## RAW DATA
=== Section Start ===

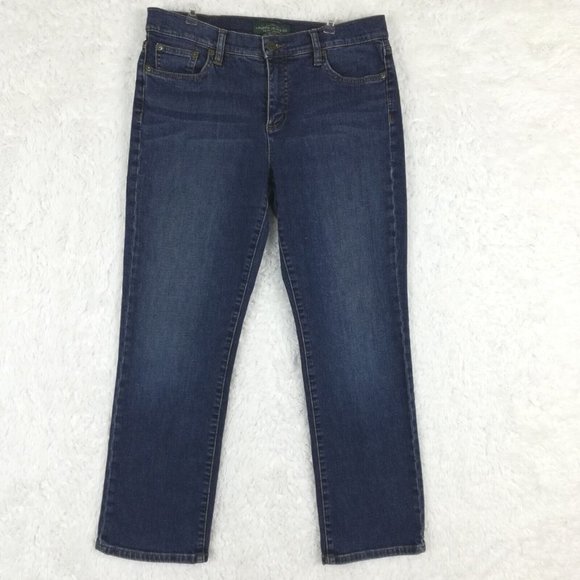 Lauren Jeans Co Womens Jeans Classic Straight Blue Denim Medium Wash Petite 8P - Picture 1 of 12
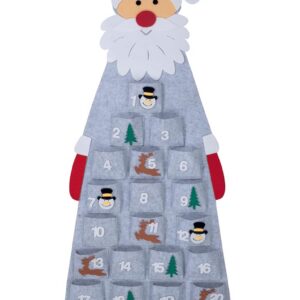 P'TIT CLOWN - 88002 - Calendrier de l’Avent Père Noël à Suspendre - Décoration de Noël, Christmas, Xmas - Vendu Vide à Garnir de Petits Cadeaux ou Surprises - H.115 cm - Gris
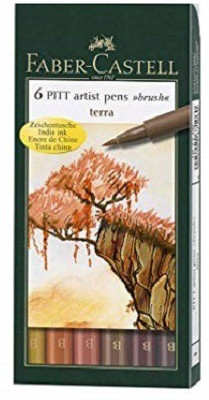 

Faber-Castell 6pitt artist pens brush TERRA sketch Nib Sketch Pens(Set of 6, TERRA)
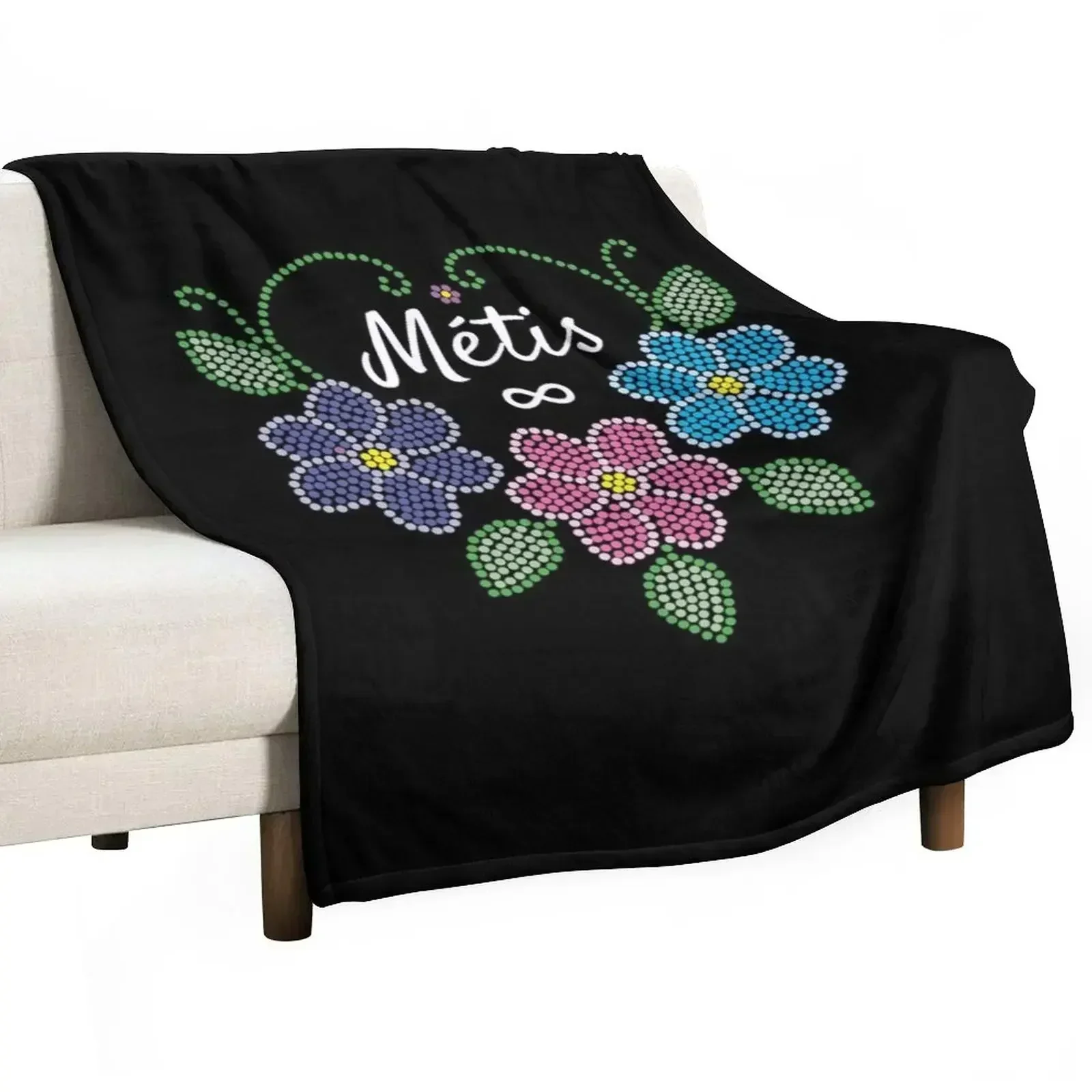 

Metis beaded flowers Throw Blanket Sofa Plush Thermal Blankets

=== Section End ===

## DIRECTIONS FOR THIS TASK
Repeat the listing word for word. Leave images out.

## ANSWER SPACE
 Lauren Jeans Co Womens Jeans Classic Straight Blue Denim Medium Wash Petite 8P - Picture 1 of 12
 P'TIT CLOWN - 88002 - Calendrier de l’Avent Père Noël à Suspendre - Décoration de Noël, Christmas, Xmas - Vendu Vide à Garnir de Petits Cadeaux ou Surprises - H.115 cm - Gris

Faber-Castell 6pitt artist pens brush TERRA sketch Nib Sketch Pens(Set of 6, TERRA)

Metis beaded flowers Throw Blanket Sofa Plush Thermal Blankets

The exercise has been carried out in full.